### Extracted entries:
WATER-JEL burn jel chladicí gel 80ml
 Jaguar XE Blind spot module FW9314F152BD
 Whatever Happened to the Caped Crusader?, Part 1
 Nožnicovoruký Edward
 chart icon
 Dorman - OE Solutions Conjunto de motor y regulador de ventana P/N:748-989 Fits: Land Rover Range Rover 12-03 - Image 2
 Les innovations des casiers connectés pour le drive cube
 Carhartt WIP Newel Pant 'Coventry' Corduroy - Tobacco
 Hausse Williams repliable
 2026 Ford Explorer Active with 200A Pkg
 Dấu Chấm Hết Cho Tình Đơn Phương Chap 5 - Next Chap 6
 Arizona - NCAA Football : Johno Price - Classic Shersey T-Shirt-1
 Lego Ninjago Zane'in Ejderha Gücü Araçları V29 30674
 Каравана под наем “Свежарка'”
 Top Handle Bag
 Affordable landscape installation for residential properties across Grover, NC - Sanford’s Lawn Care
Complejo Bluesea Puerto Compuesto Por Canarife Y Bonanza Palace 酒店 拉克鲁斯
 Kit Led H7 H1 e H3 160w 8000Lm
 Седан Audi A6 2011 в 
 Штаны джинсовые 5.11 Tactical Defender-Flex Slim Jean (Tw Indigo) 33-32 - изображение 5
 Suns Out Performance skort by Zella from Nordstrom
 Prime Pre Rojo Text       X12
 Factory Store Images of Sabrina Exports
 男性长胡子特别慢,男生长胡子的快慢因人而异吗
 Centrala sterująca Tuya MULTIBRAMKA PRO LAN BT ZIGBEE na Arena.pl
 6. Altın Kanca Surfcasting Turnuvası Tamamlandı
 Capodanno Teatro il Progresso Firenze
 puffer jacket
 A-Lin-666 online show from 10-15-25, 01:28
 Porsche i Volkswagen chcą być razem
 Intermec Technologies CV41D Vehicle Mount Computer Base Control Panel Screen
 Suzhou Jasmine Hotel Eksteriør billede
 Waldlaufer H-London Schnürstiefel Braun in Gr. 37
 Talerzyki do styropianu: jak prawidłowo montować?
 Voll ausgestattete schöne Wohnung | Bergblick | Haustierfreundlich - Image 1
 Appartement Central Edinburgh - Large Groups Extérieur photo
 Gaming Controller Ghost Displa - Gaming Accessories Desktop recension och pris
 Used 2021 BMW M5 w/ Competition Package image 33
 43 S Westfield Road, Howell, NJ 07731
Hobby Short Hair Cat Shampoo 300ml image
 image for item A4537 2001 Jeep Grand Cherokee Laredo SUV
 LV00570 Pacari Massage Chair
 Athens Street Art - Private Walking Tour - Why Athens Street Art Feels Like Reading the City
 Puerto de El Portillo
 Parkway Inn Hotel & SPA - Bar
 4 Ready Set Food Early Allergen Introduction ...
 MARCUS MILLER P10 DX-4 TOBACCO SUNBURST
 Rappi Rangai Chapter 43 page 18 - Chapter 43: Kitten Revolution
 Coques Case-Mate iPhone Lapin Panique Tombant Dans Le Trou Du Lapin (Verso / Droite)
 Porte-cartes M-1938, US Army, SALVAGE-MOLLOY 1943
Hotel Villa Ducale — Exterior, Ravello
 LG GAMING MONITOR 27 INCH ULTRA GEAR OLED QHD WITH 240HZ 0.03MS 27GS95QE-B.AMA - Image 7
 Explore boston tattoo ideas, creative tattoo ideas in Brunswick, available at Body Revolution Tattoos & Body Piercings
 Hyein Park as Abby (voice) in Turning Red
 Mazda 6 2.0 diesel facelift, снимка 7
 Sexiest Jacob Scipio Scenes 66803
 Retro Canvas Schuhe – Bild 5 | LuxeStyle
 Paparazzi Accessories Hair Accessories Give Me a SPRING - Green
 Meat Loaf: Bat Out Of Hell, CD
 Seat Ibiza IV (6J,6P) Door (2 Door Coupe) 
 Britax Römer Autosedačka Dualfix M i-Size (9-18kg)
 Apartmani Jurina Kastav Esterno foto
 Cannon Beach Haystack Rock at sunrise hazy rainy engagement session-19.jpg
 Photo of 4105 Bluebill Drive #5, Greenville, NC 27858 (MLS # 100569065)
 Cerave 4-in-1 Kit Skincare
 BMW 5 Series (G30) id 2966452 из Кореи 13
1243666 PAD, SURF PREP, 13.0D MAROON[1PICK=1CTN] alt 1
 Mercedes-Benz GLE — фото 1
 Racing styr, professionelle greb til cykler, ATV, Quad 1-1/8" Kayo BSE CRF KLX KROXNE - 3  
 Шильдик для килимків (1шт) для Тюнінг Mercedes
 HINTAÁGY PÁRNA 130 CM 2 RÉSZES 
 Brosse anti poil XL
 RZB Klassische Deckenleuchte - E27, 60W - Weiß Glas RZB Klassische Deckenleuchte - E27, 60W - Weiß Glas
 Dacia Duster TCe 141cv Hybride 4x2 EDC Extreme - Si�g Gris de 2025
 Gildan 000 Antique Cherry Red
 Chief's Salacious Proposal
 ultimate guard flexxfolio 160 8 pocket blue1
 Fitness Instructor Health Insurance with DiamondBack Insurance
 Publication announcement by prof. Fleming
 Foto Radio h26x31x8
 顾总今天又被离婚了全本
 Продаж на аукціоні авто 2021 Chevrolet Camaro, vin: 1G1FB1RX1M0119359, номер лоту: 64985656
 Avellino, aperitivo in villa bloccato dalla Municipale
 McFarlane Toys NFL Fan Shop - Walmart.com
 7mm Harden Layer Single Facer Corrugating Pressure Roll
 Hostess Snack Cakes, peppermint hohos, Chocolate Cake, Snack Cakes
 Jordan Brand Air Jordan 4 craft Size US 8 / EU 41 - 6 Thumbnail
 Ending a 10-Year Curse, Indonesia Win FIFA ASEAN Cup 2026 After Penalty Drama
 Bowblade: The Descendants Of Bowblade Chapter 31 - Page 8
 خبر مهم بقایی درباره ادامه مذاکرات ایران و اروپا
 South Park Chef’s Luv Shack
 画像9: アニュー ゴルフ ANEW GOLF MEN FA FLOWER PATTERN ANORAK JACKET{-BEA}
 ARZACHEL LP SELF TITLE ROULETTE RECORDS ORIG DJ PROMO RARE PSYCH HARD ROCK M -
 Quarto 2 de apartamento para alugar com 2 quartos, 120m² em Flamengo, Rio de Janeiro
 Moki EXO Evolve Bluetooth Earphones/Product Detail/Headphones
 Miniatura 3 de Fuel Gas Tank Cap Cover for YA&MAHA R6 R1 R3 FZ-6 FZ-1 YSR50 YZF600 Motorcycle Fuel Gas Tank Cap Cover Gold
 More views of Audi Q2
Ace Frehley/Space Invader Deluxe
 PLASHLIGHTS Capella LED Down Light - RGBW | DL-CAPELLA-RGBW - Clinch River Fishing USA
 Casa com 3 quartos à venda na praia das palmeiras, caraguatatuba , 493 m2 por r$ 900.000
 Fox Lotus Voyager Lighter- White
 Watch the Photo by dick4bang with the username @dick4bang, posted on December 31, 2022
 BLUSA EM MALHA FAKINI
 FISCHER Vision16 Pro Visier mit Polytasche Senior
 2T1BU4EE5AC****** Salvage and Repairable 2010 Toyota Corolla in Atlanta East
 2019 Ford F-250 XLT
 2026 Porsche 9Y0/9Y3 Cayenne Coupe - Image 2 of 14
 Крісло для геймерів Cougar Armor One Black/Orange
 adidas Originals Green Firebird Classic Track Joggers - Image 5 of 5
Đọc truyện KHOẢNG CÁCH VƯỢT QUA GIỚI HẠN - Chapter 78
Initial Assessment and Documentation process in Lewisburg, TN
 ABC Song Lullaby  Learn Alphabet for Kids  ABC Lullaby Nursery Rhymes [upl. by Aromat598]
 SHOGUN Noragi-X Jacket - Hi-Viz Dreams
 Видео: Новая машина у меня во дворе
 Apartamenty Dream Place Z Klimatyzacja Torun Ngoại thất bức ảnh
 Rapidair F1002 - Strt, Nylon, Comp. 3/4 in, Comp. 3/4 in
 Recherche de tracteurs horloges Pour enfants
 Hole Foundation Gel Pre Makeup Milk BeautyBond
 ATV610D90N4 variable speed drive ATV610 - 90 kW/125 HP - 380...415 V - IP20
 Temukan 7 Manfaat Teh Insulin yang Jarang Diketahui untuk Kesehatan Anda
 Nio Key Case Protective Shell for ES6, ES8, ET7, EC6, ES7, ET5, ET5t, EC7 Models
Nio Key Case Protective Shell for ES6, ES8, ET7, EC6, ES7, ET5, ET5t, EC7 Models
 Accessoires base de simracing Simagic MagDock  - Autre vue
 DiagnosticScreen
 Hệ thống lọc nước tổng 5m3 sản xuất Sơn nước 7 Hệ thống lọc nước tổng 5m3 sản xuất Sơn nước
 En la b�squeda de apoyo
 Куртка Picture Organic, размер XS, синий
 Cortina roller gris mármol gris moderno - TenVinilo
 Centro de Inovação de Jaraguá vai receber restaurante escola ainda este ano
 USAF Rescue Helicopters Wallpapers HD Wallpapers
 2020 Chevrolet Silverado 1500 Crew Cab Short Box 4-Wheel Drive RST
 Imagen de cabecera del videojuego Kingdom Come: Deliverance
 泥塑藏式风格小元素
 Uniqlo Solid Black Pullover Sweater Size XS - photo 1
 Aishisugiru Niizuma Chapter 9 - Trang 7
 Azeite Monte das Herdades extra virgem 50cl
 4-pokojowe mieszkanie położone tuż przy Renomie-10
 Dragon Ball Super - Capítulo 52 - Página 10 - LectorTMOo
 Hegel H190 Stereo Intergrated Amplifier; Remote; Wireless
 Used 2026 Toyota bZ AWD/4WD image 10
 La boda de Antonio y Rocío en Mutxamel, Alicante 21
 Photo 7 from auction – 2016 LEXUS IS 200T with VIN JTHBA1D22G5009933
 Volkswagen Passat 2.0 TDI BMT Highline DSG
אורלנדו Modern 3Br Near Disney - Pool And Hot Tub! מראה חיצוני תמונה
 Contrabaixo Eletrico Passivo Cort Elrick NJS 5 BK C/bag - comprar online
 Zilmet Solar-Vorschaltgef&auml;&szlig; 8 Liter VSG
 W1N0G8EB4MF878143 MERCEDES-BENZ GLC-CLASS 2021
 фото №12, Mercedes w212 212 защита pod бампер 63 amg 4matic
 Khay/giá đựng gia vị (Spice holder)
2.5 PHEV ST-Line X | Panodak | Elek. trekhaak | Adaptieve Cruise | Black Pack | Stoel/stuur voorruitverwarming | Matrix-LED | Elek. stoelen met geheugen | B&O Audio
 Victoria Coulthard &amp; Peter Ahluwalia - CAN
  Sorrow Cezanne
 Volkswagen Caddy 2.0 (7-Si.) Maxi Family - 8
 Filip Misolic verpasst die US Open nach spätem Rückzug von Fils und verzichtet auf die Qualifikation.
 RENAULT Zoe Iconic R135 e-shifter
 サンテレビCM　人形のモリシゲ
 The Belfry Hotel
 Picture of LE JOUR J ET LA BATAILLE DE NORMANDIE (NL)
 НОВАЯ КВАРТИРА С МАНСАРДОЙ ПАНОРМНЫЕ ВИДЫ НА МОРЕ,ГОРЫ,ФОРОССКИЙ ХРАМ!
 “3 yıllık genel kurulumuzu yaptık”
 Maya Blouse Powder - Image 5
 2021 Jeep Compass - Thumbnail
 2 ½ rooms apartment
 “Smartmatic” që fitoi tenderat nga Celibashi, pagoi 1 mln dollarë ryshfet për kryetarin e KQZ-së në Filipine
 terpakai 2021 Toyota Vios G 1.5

### Assignment:
Write out exactly the lines from the one containing "RENAULT Zoe Iconic R135 e-shifter" through the end of the data, both included. Add nothing else.

### Task output:
 RENAULT Zoe Iconic R135 e-shifter
 サンテレビCM　人形のモリシゲ
 The Belfry Hotel
 Picture of LE JOUR J ET LA BATAILLE DE NORMANDIE (NL)
 НОВАЯ КВАРТИРА С МАНСАРДОЙ ПАНОРМНЫЕ ВИДЫ НА МОРЕ,ГОРЫ,ФОРОССКИЙ ХРАМ!
 “3 yıllık genel kurulumuzu yaptık”
 Maya Blouse Powder - Image 5
 2021 Jeep Compass - Thumbnail
 2 ½ rooms apartment
 “Smartmatic” që fitoi tenderat nga Celibashi, pagoi 1 mln dollarë ryshfet për kryetarin e KQZ-së në Filipine
 terpakai 2021 Toyota Vios G 1.5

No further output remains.